Sirha Omnivore ouvre le bal pour ses 20 ans. Une édition qui bouillonne, tant par sa température que par ses sujets abordés. Un forum riche d’enseignements.
Être chef.fe, mener sa cuisine, la faire exister pour soi mais évidemment pour les autres. Comment se démarquer quand la concurrence en cuisine reste une composante décisive tant sur le succès que sur l’échec de l’entreprise. Oui, il faut être, mais il faut aussi paraître, aussi étrange soit-il. Il n’existe quasiment plus de cuisiniers qui fuient les réseaux sociaux, tous se doivent, d’une manière ou d’une autre, peindre sur la toile leurs inspirations, leur menu, faire montre de transparence, pour rassurer, donner envie, gagner leur croûte, ramener les gens à table comme on a pu le voir pendant la pandémie. Comment dissocier présence nécessaire et « hype » du moment, montrer et faire connaître… La journaliste et autrice Laurène Petit a arbitré cette conversation hautement actuelle entre différents acteurs du métier au Forum, coup d’envoi pour ce premier jour de festival.
Emincer sa présence digitale
Tout montrer, émietter, faire connaître ou rester secret, tels sont les enjeux des chef.fe.s aujourd’hui. Emietter sa présence et la rendre à la fois consistante. « Aujourdh’ui tout le monde veut être connu, mais connu pourquoi ? » souligne Emilie Fléchaire, fondatrice de l’Agence Neroli qui accompagne des chefs comme Mory Sacko dans leur communication, essentiellement médiatique. Pour Emilie, un terrain propice à la communication nécessite de savoir pourquoi on fait ce métier, dans quel sens, pourquoi.
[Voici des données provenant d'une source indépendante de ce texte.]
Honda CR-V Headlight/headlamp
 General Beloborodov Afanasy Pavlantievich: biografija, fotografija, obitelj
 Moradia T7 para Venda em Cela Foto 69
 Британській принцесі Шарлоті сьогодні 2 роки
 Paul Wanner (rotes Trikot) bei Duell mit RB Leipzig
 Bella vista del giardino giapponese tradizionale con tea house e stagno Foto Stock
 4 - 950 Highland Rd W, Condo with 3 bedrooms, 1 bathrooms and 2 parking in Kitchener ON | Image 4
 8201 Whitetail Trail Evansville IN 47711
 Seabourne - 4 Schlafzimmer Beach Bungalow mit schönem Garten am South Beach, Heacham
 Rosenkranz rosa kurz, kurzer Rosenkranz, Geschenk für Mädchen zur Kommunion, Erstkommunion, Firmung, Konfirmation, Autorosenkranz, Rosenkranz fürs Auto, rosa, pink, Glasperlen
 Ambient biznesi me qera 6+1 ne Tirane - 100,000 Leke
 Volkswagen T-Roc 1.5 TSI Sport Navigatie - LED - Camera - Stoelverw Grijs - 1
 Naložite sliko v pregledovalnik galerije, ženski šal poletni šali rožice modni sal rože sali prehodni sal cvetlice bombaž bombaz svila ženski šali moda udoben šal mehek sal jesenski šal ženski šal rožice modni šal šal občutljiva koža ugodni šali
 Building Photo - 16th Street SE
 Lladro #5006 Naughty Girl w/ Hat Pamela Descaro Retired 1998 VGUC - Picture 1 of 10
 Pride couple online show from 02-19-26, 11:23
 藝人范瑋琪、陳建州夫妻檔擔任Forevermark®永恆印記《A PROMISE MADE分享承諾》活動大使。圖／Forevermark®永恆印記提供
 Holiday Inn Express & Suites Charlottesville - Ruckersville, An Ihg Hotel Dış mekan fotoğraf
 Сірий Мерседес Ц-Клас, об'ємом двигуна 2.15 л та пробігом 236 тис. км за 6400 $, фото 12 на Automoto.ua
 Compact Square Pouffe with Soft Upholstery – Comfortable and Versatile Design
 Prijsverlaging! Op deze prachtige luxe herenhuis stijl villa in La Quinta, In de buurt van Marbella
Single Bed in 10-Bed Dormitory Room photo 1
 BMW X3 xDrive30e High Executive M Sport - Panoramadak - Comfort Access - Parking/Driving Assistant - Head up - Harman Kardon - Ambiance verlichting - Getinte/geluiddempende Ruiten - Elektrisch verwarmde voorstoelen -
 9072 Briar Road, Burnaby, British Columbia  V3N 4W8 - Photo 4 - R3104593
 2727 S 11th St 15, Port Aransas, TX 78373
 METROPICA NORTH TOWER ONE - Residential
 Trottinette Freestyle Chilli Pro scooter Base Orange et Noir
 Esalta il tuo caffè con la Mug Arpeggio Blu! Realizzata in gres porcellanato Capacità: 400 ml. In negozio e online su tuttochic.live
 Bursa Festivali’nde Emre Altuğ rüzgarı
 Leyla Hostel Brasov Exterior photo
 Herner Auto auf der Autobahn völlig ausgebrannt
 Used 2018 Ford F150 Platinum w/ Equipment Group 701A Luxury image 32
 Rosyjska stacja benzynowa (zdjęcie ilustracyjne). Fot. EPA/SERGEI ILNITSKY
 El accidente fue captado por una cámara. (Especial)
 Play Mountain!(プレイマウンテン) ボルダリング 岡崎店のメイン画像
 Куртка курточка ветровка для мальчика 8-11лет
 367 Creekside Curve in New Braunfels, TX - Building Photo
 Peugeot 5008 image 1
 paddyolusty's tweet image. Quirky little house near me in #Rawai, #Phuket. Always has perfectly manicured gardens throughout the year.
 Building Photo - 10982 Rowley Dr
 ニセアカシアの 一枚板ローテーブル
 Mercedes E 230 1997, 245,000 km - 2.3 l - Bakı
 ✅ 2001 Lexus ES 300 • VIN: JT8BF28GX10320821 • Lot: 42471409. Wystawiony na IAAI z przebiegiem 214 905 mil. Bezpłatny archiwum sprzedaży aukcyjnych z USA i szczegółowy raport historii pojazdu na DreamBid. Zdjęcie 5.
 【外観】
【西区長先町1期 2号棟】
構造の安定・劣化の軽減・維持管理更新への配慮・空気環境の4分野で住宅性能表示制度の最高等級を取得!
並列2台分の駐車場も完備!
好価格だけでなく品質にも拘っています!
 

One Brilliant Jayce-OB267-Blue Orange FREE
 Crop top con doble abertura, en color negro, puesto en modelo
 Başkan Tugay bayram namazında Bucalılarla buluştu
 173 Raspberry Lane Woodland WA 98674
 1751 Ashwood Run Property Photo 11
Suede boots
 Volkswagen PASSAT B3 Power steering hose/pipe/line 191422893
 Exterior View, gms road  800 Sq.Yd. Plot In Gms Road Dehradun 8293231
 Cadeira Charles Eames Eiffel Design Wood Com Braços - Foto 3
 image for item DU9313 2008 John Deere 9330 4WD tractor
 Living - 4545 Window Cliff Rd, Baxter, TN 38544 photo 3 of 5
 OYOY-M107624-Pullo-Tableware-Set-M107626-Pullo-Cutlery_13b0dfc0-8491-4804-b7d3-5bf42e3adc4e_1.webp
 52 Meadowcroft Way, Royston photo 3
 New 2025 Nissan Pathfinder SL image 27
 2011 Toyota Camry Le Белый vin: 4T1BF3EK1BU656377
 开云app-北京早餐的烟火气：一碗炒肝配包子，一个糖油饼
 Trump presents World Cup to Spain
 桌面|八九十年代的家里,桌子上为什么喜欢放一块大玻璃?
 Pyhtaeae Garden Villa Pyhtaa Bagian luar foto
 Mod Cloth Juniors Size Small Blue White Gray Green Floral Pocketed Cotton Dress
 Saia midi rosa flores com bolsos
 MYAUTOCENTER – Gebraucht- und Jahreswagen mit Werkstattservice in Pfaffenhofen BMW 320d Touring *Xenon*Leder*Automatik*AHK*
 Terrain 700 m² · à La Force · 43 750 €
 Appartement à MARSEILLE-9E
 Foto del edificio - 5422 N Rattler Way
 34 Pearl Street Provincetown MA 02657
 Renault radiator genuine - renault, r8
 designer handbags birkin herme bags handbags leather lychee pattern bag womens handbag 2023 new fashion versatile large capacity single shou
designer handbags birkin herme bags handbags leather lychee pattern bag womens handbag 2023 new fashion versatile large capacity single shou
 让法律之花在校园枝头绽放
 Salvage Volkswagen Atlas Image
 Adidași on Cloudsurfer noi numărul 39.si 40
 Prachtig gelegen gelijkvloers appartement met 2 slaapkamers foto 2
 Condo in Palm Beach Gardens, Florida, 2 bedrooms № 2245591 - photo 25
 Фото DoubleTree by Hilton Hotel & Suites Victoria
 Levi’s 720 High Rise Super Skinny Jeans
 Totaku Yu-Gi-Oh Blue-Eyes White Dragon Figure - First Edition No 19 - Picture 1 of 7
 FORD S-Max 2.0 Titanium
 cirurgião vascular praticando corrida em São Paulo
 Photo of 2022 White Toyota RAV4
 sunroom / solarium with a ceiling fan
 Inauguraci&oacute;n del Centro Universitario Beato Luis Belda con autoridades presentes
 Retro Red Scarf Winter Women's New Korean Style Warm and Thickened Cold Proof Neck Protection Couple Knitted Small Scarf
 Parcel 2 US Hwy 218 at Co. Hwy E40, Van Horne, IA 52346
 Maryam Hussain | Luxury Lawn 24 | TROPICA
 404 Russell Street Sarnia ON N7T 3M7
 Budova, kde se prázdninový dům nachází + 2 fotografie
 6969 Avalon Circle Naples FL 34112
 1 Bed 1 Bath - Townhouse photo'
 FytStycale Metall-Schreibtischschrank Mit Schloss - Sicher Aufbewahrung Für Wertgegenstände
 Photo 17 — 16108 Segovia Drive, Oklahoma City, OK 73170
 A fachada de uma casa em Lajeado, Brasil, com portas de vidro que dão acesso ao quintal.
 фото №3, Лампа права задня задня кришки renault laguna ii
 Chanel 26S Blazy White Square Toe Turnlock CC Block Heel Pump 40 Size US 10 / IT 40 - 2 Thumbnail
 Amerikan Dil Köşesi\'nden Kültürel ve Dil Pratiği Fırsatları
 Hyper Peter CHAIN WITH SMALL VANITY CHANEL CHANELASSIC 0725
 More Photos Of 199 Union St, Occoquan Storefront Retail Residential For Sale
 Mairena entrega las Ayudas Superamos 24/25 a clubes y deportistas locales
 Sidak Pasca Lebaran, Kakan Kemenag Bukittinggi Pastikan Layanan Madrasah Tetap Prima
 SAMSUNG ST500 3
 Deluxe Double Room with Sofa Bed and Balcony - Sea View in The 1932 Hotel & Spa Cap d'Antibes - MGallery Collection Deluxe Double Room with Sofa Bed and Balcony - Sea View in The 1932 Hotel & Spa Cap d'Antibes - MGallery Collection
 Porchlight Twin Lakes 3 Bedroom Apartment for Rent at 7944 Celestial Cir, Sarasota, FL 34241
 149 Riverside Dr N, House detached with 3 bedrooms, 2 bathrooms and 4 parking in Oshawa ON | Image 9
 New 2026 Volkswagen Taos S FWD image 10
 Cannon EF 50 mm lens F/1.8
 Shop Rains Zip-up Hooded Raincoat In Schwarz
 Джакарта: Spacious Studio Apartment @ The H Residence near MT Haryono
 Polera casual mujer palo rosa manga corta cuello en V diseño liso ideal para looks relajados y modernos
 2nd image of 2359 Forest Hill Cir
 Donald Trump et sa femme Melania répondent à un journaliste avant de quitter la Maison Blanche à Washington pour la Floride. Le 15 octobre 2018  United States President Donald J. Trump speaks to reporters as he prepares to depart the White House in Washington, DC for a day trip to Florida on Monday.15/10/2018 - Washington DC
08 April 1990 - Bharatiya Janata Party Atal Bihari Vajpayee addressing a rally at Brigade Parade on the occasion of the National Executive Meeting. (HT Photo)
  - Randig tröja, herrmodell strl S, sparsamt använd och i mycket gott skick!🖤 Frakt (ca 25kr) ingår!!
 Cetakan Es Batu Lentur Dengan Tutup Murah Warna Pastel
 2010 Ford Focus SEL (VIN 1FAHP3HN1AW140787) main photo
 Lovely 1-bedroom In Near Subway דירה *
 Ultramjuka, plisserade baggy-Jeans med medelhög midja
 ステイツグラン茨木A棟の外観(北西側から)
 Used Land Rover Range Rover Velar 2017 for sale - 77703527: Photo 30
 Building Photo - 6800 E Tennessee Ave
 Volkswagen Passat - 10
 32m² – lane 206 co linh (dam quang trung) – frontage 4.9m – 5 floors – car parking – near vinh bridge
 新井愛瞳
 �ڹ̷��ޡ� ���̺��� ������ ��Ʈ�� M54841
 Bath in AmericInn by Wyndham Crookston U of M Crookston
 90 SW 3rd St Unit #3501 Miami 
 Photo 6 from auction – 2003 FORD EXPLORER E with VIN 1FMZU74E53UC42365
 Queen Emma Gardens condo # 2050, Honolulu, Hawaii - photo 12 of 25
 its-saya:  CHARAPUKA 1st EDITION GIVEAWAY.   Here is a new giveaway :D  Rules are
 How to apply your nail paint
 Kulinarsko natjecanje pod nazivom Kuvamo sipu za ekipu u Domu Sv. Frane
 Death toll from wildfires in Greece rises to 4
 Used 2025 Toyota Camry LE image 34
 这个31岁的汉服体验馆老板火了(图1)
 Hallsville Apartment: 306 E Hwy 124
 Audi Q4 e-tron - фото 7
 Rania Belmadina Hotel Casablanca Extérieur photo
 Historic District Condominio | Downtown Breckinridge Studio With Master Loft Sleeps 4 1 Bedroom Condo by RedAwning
Le paraître est impossible. « Les chef.fe.s qui s’inscrivent dans une communication pérenne sont ceux qui ont quelque chose à transmettre ». Une ligne de conduite qui oriente également la communication qui ira avec, notamment pour éviter les polémiques, dont les médias sont aujourd’hui friands. Gianmarco Gorni, ex-candidat Top Chef mais surtout actif à Room Service et l’Agence La Relève prône un rapport plus naturel, voire spontané, à la communication en cuisine. Il avoue : « j’ai essayé d’être parfait, ça n’a pas marché, j’ai préféré mettre des conneries, c’est toujours plus drôle que lorsque c’est lisse ». Une communication qui se veut plus naturelle et qui n’empêchera pas forcément les gens de se faire une opinion par eux-mêmes. « Si on a même un article peu élogieux sur le restaurant, ils viendront quand même, ne serait-ce que pour vérifier ».
Ancrer et encrer sa vie de chef.fe dans le réel
« La vie d’un chef s’arrête très peu. C’est une vraie prise de tête, un vrai engagement de faire ce métier ». C’est par ces mots que Guillaume Sanchez a participé au débat « Sage comme une image » au Forum. Le chef de Neso ne se définit pas que chef, cuisinier, mais aussi auteur (déjà 3 ouvrages à son actif), directeur artistique… Des activités qui ne sont pas factices mais qui complètent réellement son travail de cuisinier, une manière d’ancrer dans le réel tout ce qui fait battre le pouls de sa créativité. Mais aussi par les mots, posés sur le papier. L’ouvrage de cuisinier, de chef.fe.s connaît un essor sans pareil depuis des années.
Exit l’Escoffier, la bible unique du chef, chaque cuisinier peut partager au travers du papier son parcours, ses recettes évidemment, mais sa vie privée, parfois, son sens de l’artisanat. « Le livre demeure un objet d’engagement culturel pour une génération ». Comme l’a souligné Alessandra Montagne, cheffe de Nosso au micro de Laurène Petit, le livre permet de dépasser la vie du cuisinier, sortir cette vie des quatre murs du restaurant, sans chercher pour autant à accroître une notoriété : « Je n’ai jamais cherché cette notoriété, quand j’avais ouvert mon restaurant, je n’avais même pas d’argent pour faire des cartes de visite ». Le livre, au-delà des réseaux sociaux, du site internet ou d’une armée de RP, permet de laisser cette archive du savoir-faire comme le souligne Camille Brachet, maîtresse de conférences en science de lʹinformation et de la communication. Pourquoi continuons-nous à nous passionner pour les chef.fe.s ? « Tout le monde mange, cela parle à tout le monde, c’est un enjeu de société qui est même politique ». Du beau manger à travers nos écrans au bon manger au cœur de l’assiette, les cuisiniers font partie de la société, ils continuent, plus que jamais, à consolider ces enjeux.